• _WHAT TO PRODUCE_
Repeat the records below exactly as they appear, leaving out any pictures.

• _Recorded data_
══════════════════════════════

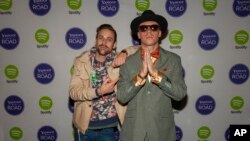 Ryan Lewis and Macklemore pose for photos at the Yahoo! On the Road Concert Series at Turner Hall, May, 12, 2013 in Milwaukee.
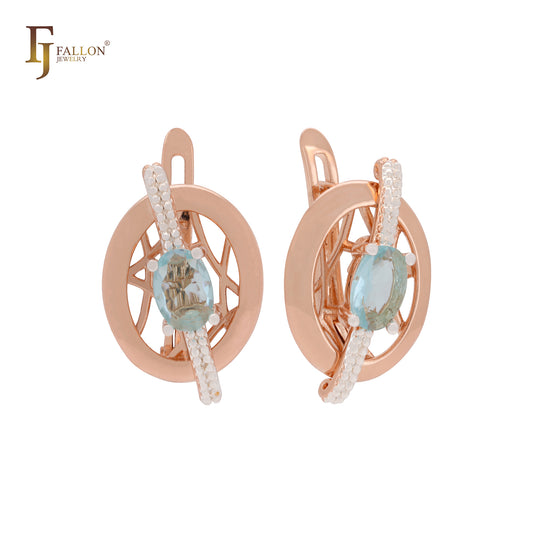 Pendientes de clip en oro rosa de dos tonos con solitario de circonita azul lago y cinta cruzada circular.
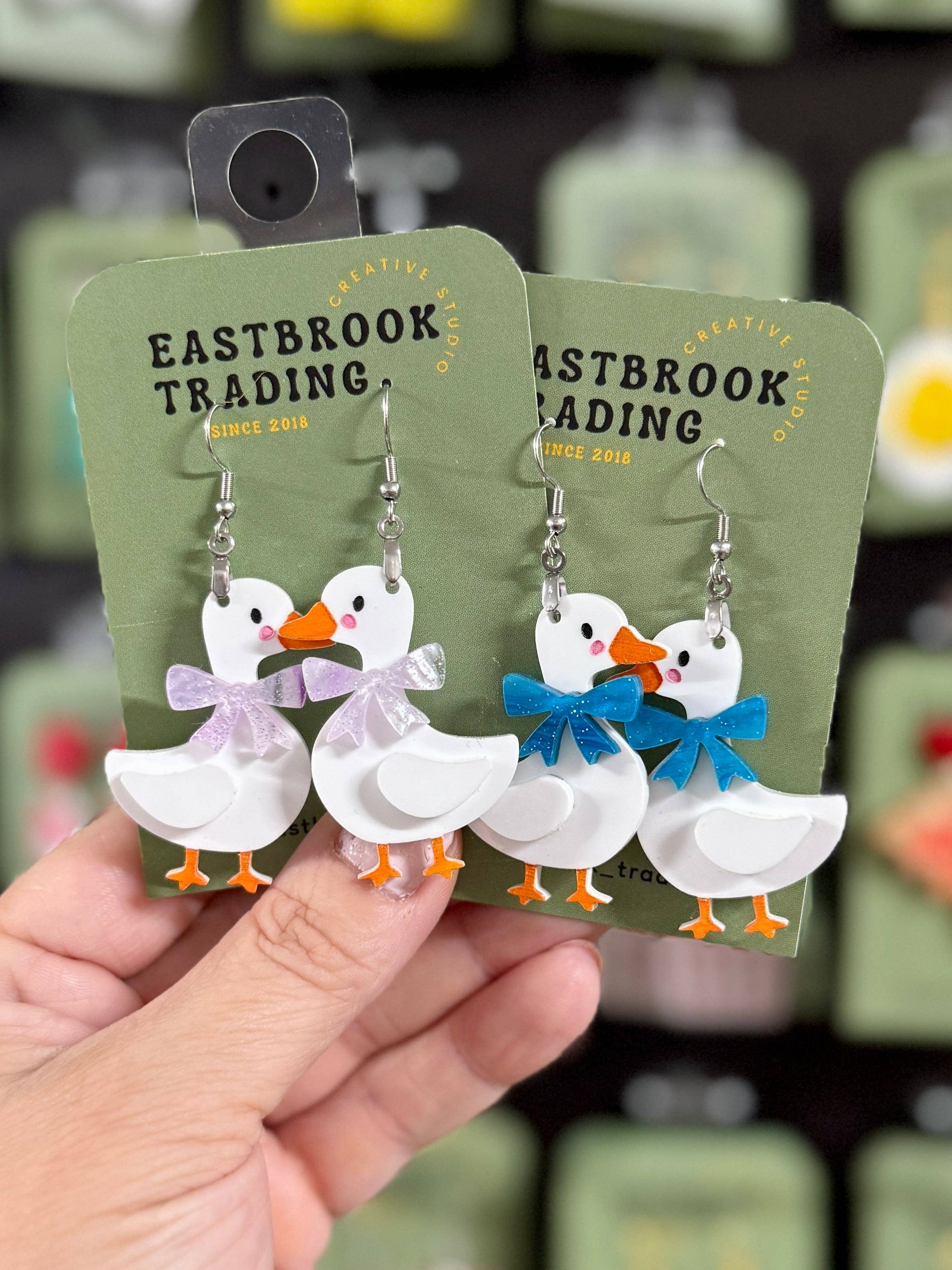 Handmade Vintage goose earrings with pink bow accents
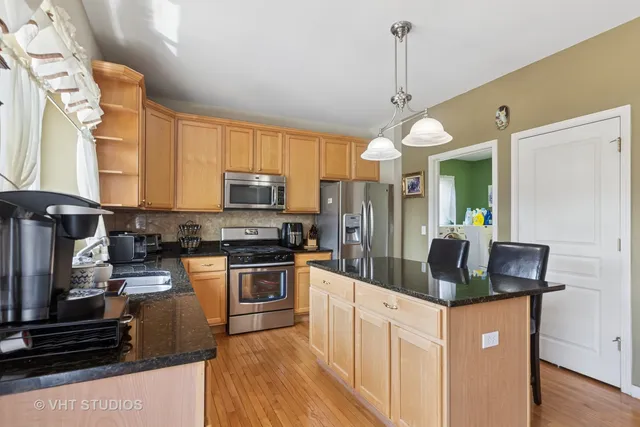 a kitchen with stainless steel appliances granite countertop a sink a stove and a refrigerator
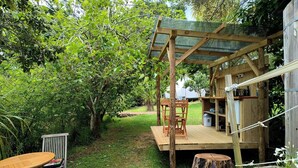 Una terraza de madera con una mesa y sillas, rodeada de follaje y árboles.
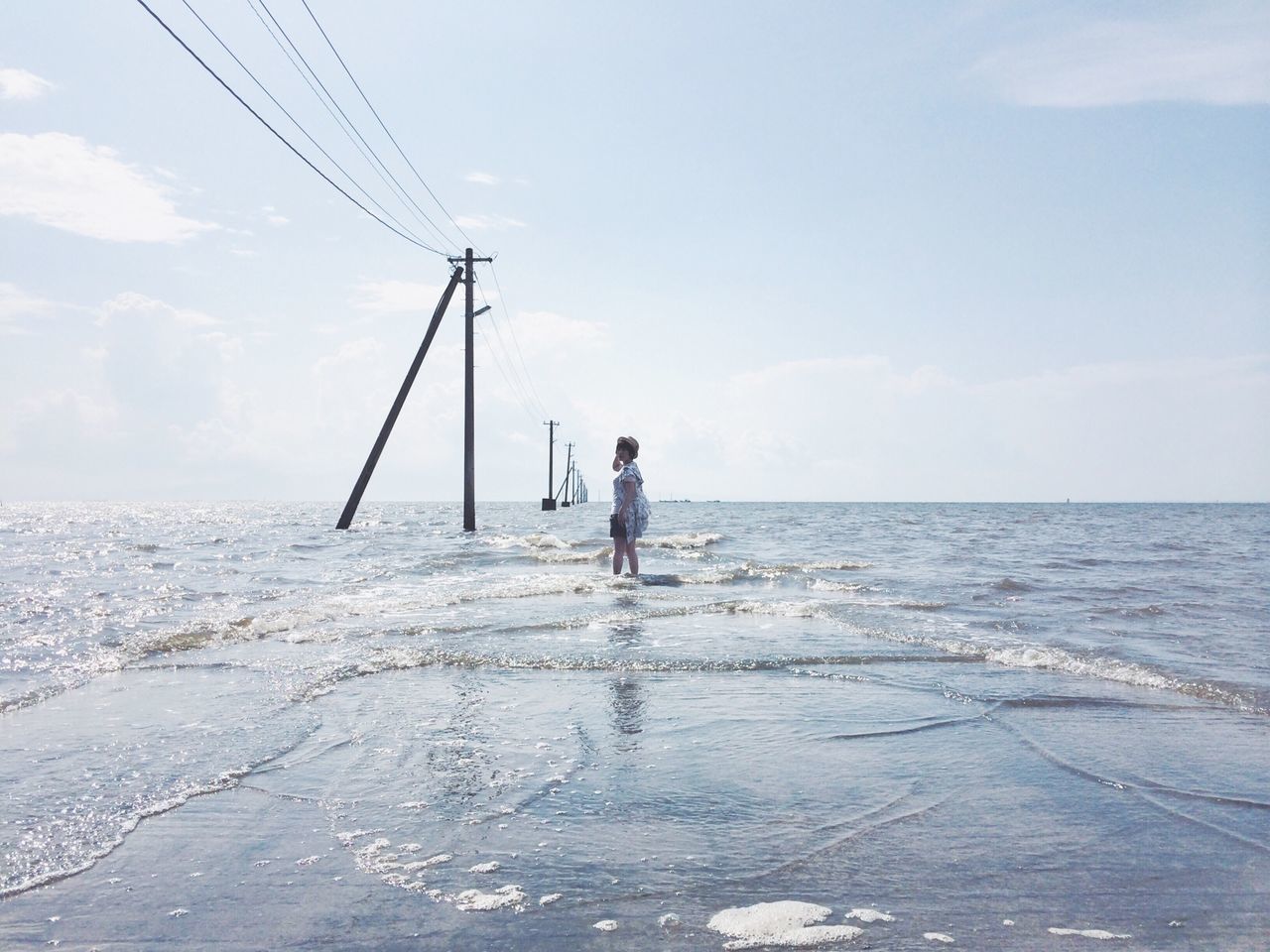 sea, water, leisure activity, horizon over water, lifestyles, sky, full length, men, fishing rod, fishing, rear view, standing, tranquility, scenics, nature, tranquil scene, vacations, beach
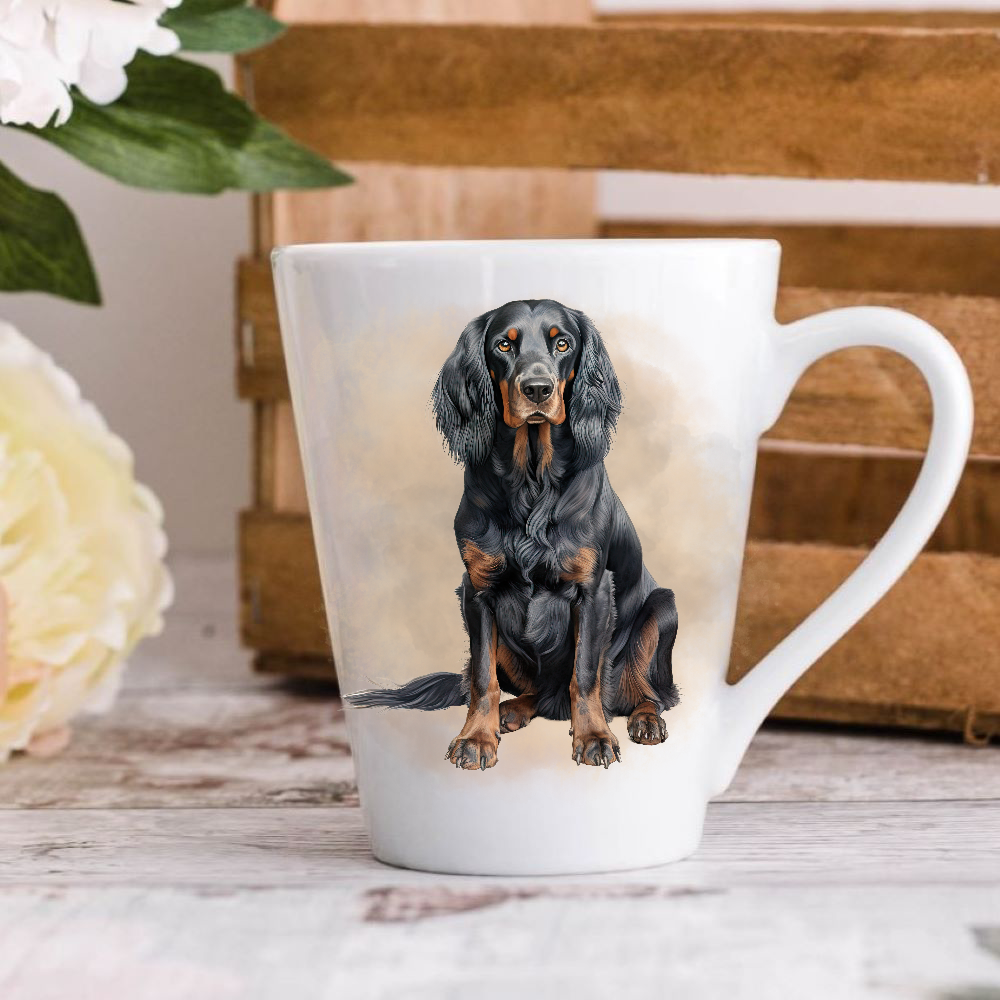 A white ceramic latte mug stands on a wooden surface with a crate in the background. The mug features a Gordon Setter.  A large yellow flower peeps in from the left-hand side.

══════════════════════════════

• _RESPONSE_
 Ryan Lewis and Macklemore pose for photos at the Yahoo! On the Road Concert Series at Turner Hall, May, 12, 2013 in Milwaukee.
 Pendientes de clip en oro rosa de dos tonos con solitario de circonita azul lago y cinta cruzada circular.
 Handmade Vintage goose earrings with pink bow accents
 a kitchen with stainless steel appliances granite countertop a sink a stove and a refrigerator
 Una terraza de madera con una mesa y sillas, rodeada de follaje y árboles.
 sea, water, leisure activity, horizon over water, lifestyles, sky, full length, men, fishing rod, fishing, rear view, standing, tranquility, scenics, nature, tranquil scene, vacations, beach
 A white ceramic latte mug stands on a wooden surface with a crate in the background. The mug features a Gordon Setter.  A large yellow flower peeps in from the left-hand side.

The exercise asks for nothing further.